§ TASK TO CARRY OUT
Leaving out every picture, transcribe the lines from the line that contains "Vintage Jordan Sheer" to the end of the entries below, both ends included.
***** DATA TO EXAMINE
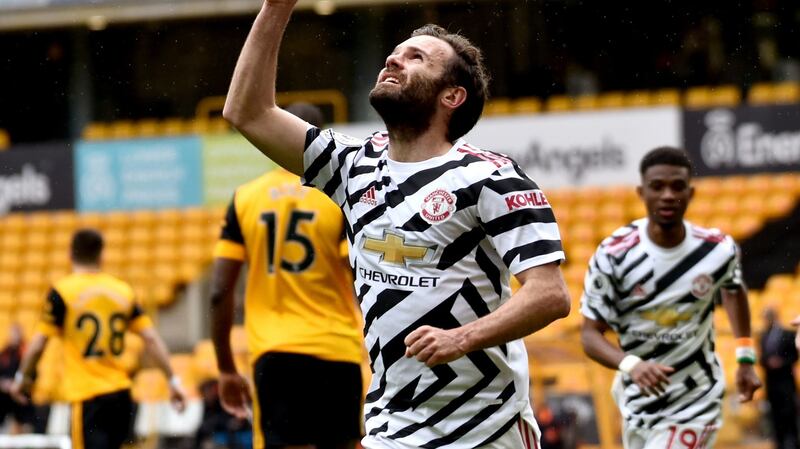 Juan Mata scored Manchester United’s second form the penalty spot. Photograph:  Rui Vieira/PA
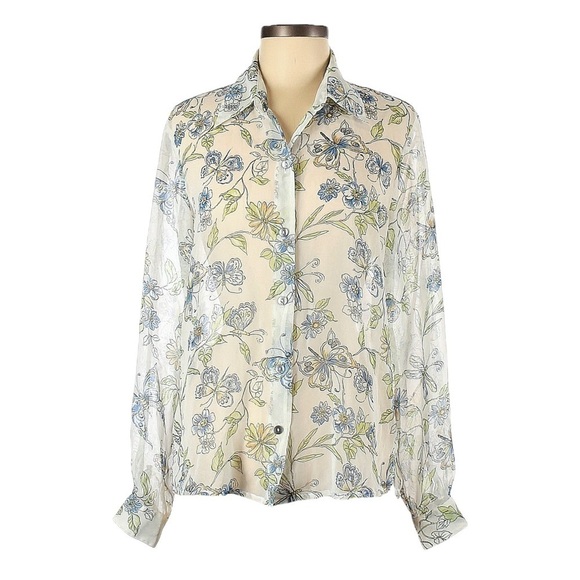 Vintage Jordan Sheer Butterfly Print Button Down Blouse Size M - Picture 1 of 9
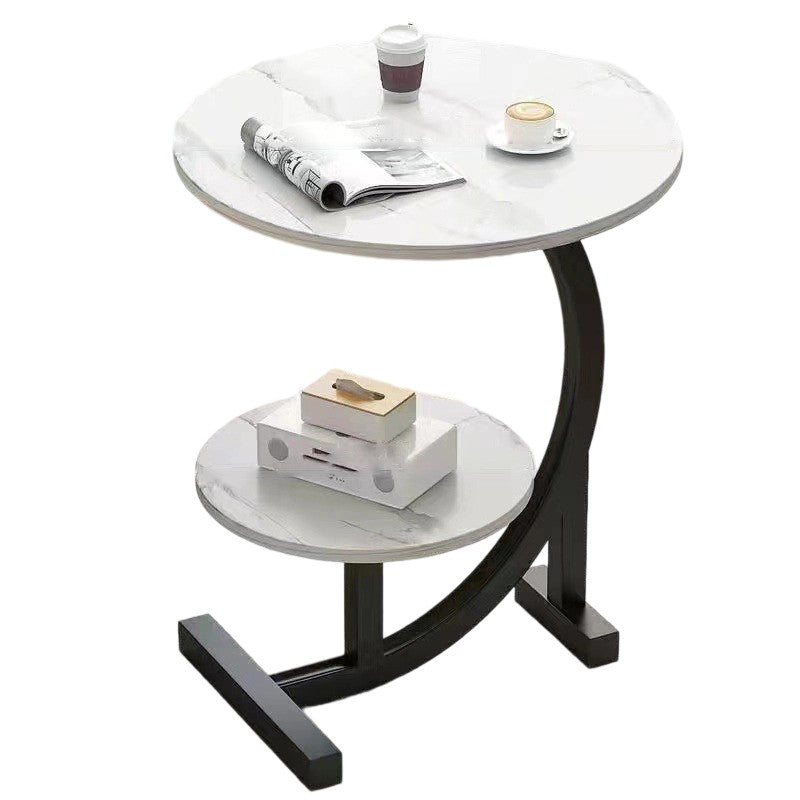 Contemporary Scandinavian Medium-density fiberboard Iron C-Shaped Round End Table 2-Tier For Living Room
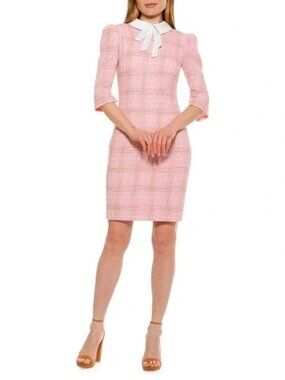 NWT Alexa Admor Pink Tweed Collared Bow Mini Sheath Dress 12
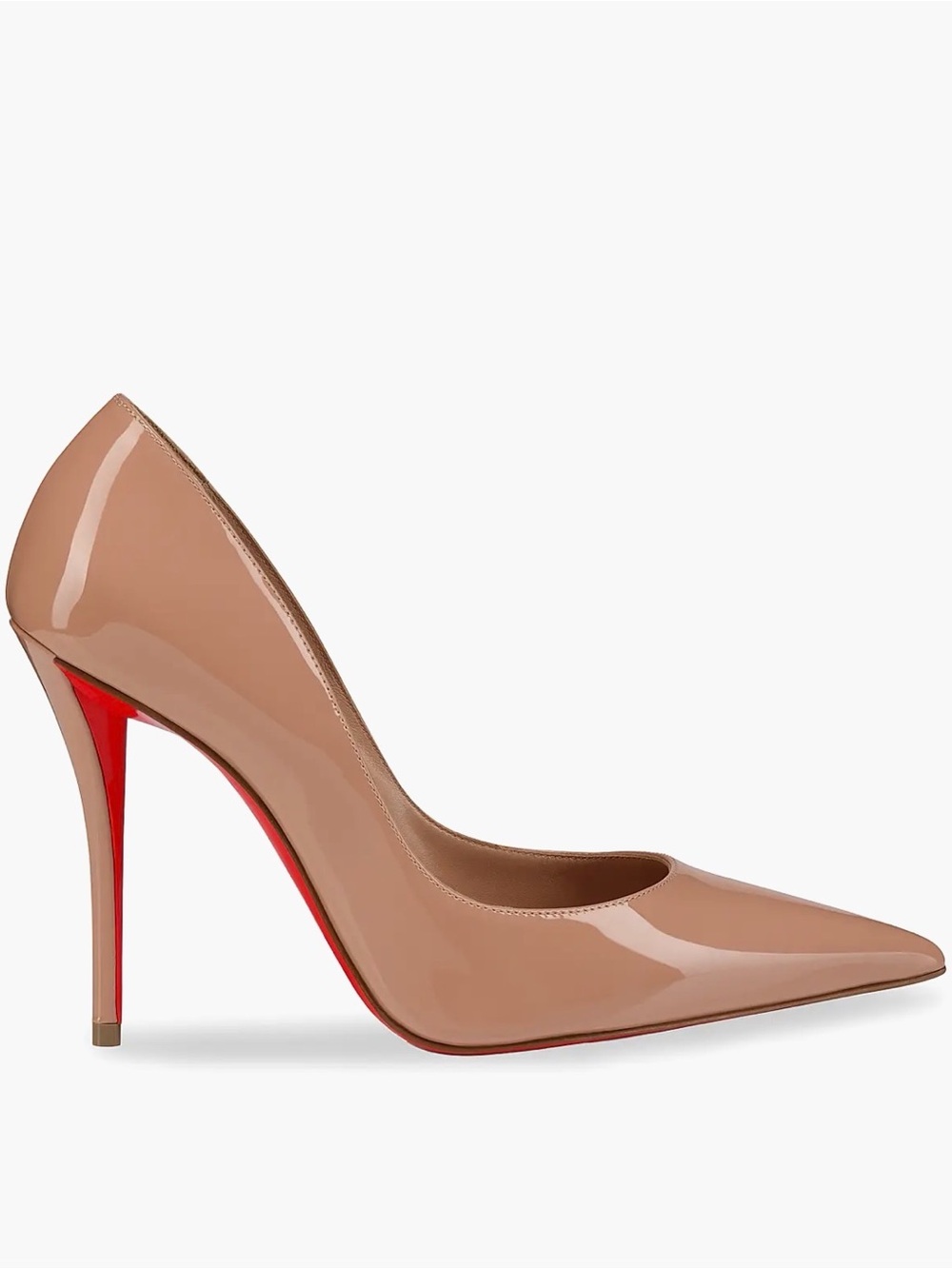Christian Louboutin Miss Z Nude Patent Pointed-Toe Pumps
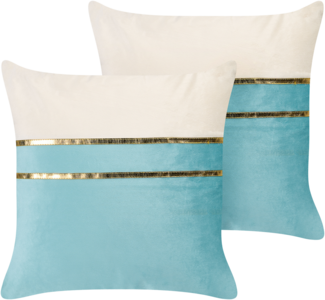 Kissen 2er Set Ohne Muster ALLIUM Samtstoff 45 x 45 cm Blau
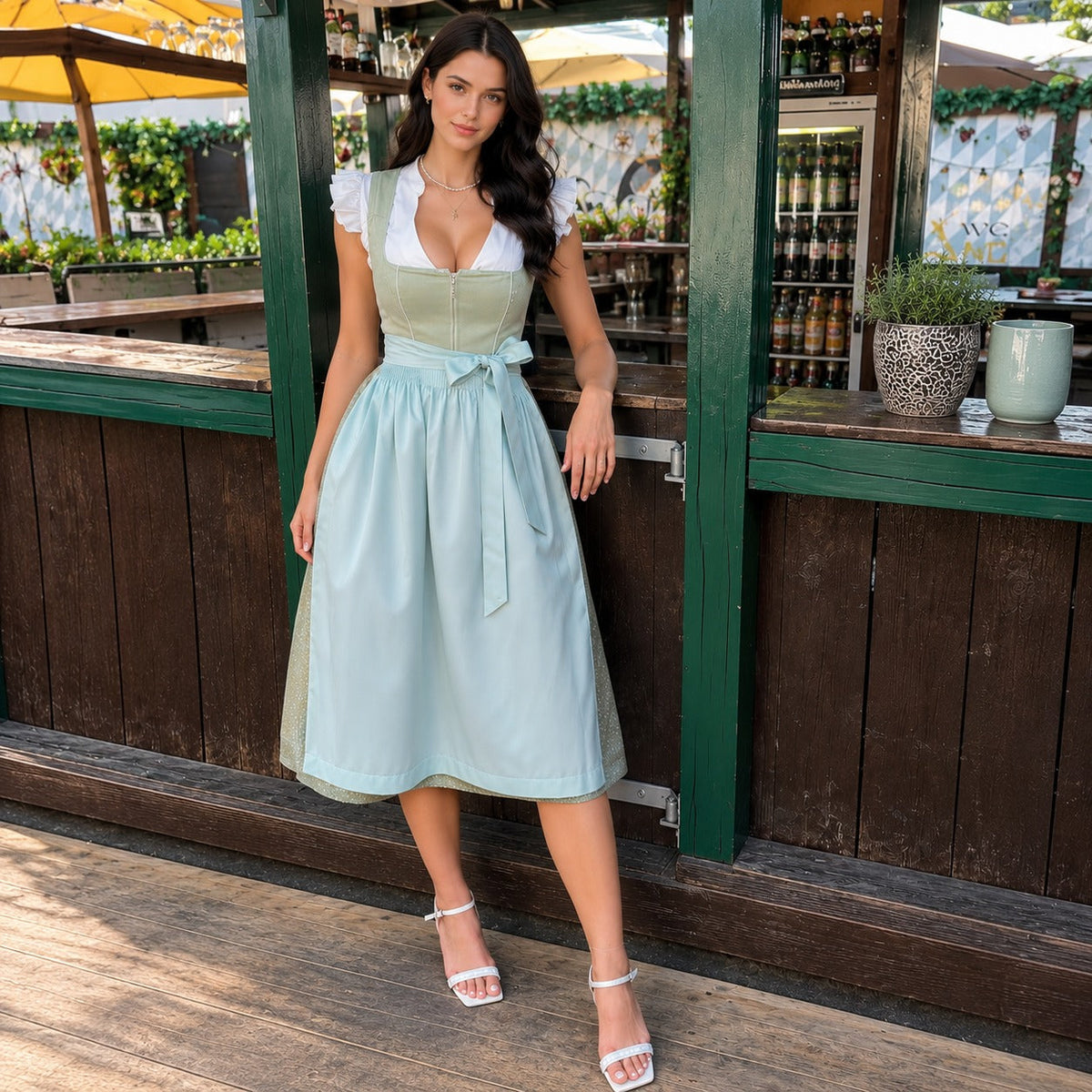 Evelyn - Luftiges Midikleid fürs Oktoberfest mit kurzen Ärmeln (Futter nicht enthalten)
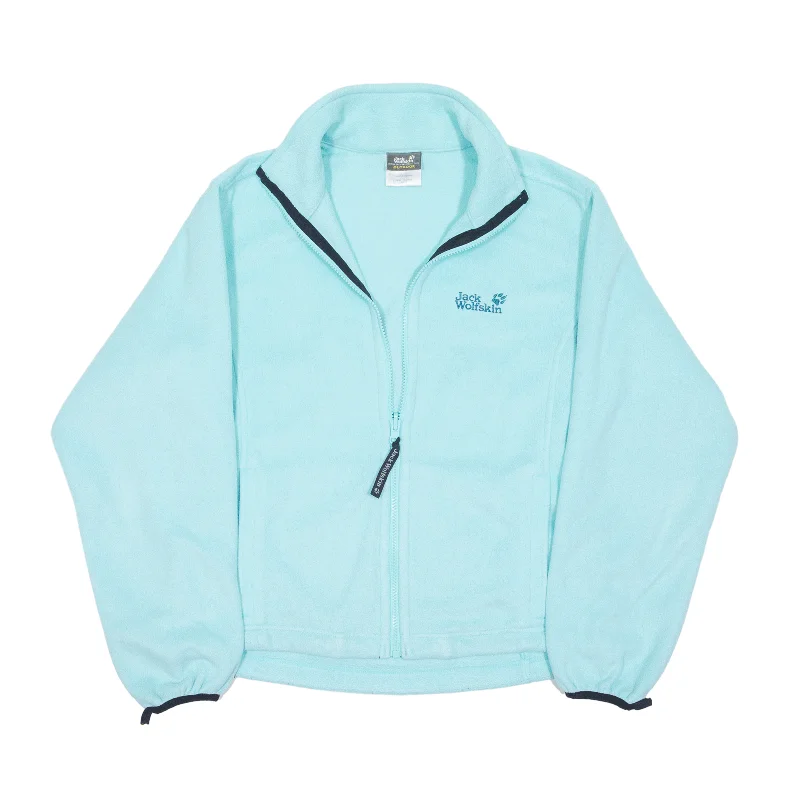 JACK WOLFSKIN Fleece Jacket Blue Womens UK 12 A-Line Jacket Boat Neck Shawl Collar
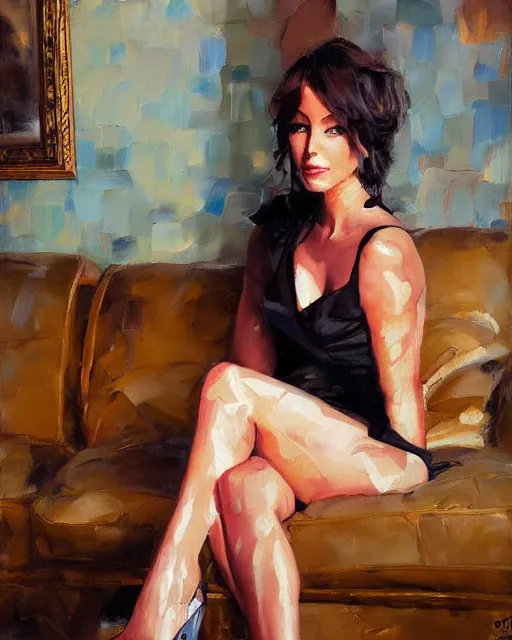 Image similar to a painting of a woman sitting on a couch, a fine art painting by michael garmash and richard s. johnson, deviantart, figurative art, detailed painting, oil on canvas, fine art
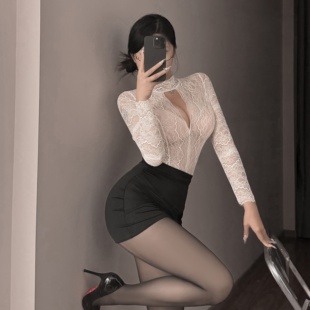 性感纯欲娇柔秘书装 紧身包臀裙御姐情侣约会制服晴趣 OL蕾丝长袖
**********
§ EXERCISE ANSWER
 Vintage Jordan Sheer Butterfly Print Button Down Blouse Size M - Picture 1 of 9
 Contemporary Scandinavian Medium-density fiberboard Iron C-Shaped Round End Table 2-Tier For Living Room
 NWT Alexa Admor Pink Tweed Collared Bow Mini Sheath Dress 12
Christian Louboutin Miss Z Nude Patent Pointed-Toe Pumps
 Kissen 2er Set Ohne Muster ALLIUM Samtstoff 45 x 45 cm Blau
 Evelyn - Luftiges Midikleid fürs Oktoberfest mit kurzen Ärmeln (Futter nicht enthalten)
 JACK WOLFSKIN Fleece Jacket Blue Womens UK 12 A-Line Jacket Boat Neck Shawl Collar
 Image similar to a painting of a woman sitting on a couch, a fine art painting by michael garmash and richard s. johnson, deviantart, figurative art, detailed painting, oil on canvas, fine art
 性感纯欲娇柔秘书装 紧身包臀裙御姐情侣约会制服晴趣 OL蕾丝长袖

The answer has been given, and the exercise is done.